I hear you, to a point. But I mean we all feel like this, so why exactly do you think that it’s not being acknowledged? Do you live in a cave? It’s so sad. All of it. What is it you’re proposing???! I hear all of us talking about it all the time. Plus If we acknowledge the sacrifice and work of those in the nhs it doesn’t mean everyone else is being told to go hang - it’s not a mutually exclusive situation. We’re all here suffering. If you want it acknowledged, then do it, do it with your writing. Write stuff, talk to people. That said this is life, it’s how history has always been and I for one will keep saying ‘ thank god we’re alive’. That doesn’t mean I’m not struggling.
I get the impression the OP would be happy to start small, with just a thread to talk and acknowledge. Unfortunately even that modest hope seems to be unattainable, judging by the continual insistence from various quarters on merailing, cod psychobabble and piss poor Blitz analogies. The sadness OP talks about is not being given space for acknowledgment, and this thread stands as testament.
Stopsnowing · 18/12/2021 21:33

Op, your op is so eloquent it should be in classics.

The majority have been traumatised. Much has been lost. This has not been properly acknowledged.

Those who have not been affected are lucky that their circumstances have insulated them from the impact.

To add to your list I think some employers have forgotten that we are all operating under a great strain and are not making basic allowances.

We have been gaslit and lied to. It is not true to say the pandemic is no ones fault. It could have been mitigated.

Women, because let’s face it it was mainly women, should have been given better job protection in order to deal with homeschooling.

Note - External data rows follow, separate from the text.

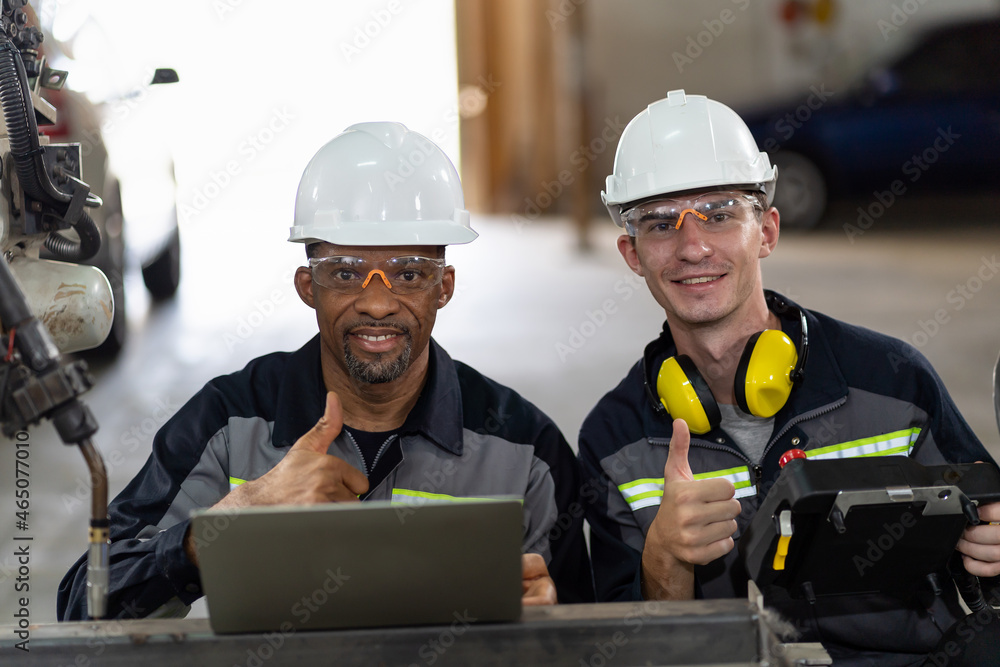 Smiling engineer worker working with computer notebook for control automatic robotic arm machine in the factory. Male technician worker maintenance automatic robotic hand in smart factory Smiling engineer worker working with computer notebook for control automatic robotic arm machine in the factory. Male technician worker maintenance automatic robotic hand in smart factory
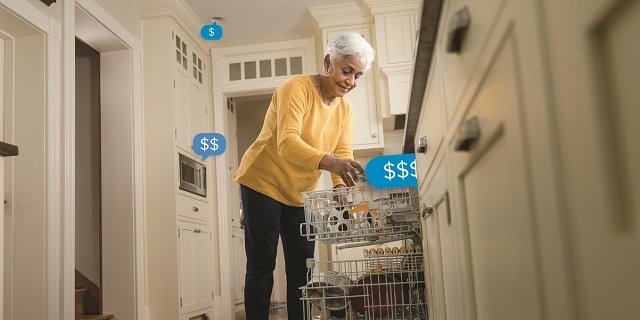 Older woman empties dishwasher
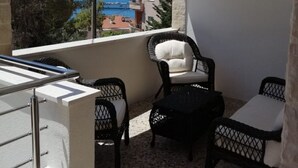 A balcony with a view of the sea, featuring wicker furniture and a metal railing. - Apartment Vesna (Trogir)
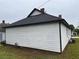 Classic white house featuring a black roof and well-maintained siding, exuding timeless charm at 8 Hazel St, Porterdale, GA 30014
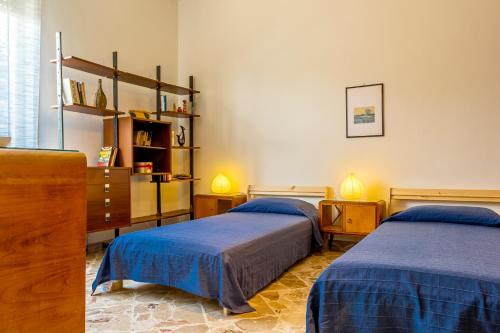 ein Schlafzimmer mit 2 Betten und einem Bücherregal in der Unterkunft La Casa di Elvira in Giardini-Naxos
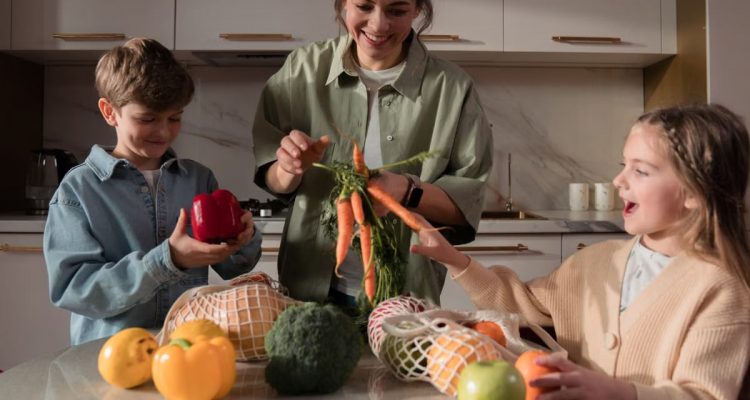 A family enjoys quality time in the kitchen, preparing a meal with fresh vegetables.
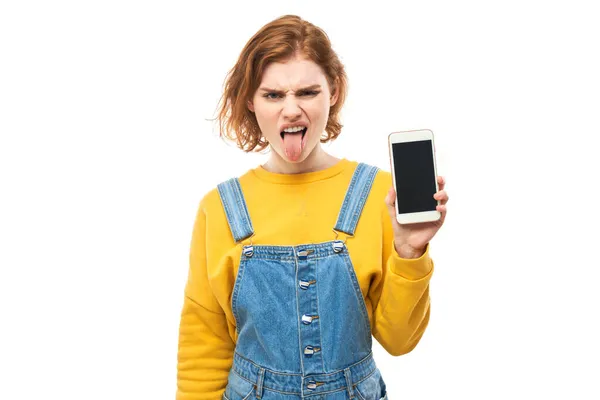 红头发女孩厌恶的脸展示了空白的智能手机屏幕 并展示了在白色工作室背景下隔离的黄色衣服的舌头 — 图库照片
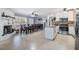Open-concept dining area adjacent to a kitchen with updated stainless appliances, granite countertops, and island at 8816 Memorial Hwy, Tampa, FL 33615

In terms of cultural responses I enjoyed Station Eleven although it was written prePandemic.

Tzimi · 18/12/2021 21:36

@CaliforniaDrumming

Can we never mention the bloody world wars again, or the Blitz?
I agree, I'm not sure if this kind of statement implying that there's always someone else worse off than yourself is supposed to make us feel better, or make us 'stop winging.' Just because our plight is not as severe as those in the blitz, doesn't mean we shouldn't acknowledge it and the problems & feelings it has caused. This tactic doesn't work for me, anyway, and being silenced by telling me I've got it easy compared to someone else just causes me to be resentful and angry.
Tzimi · 18/12/2021 21:38

@Malteser71

I felt like this from the very beginning. To say it on MN was to risk taking a battering.

I’m glad it’s ok to say it now.

That's right, you just got shot down for daring to express your unhappiness with the situation.
VikingOnTheFridge · 18/12/2021 21:41

It also lumps people who have been through both the Blitz and covid into one monolith, as though they all feel the same about the respective difficulties of both and have had identical experiences. In actual fact they're as diverse as any other age cohort. If this was a thread solely populated by over 85s they wouldn't all agree, any more than we do!

glimpsing · 18/12/2021 21:48

Don't get me wrong, I do very much acknowledge injustice. It's just that I favour action over sadness. Part of that action involves acknowledging our own power. I absolutely refuse to let injustice ruin my fun.

Tzimi · 18/12/2021 22:35

@HaaaaaveyoumetTed

I'm one of the lucky ones, we lived lockdown. Our quality of life and mental health improved massively.
Yes, some groups of people, for example those with autism actually prefer to lock themselves away.